◆ Collected material

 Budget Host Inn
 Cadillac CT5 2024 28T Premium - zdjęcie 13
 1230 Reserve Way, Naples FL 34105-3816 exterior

◆ Exercise description
Retype all the material exactly as shown.

◆ Your solution
 Budget Host Inn
 Cadillac CT5 2024 28T Premium - zdjęcie 13
 1230 Reserve Way, Naples FL 34105-3816 exterior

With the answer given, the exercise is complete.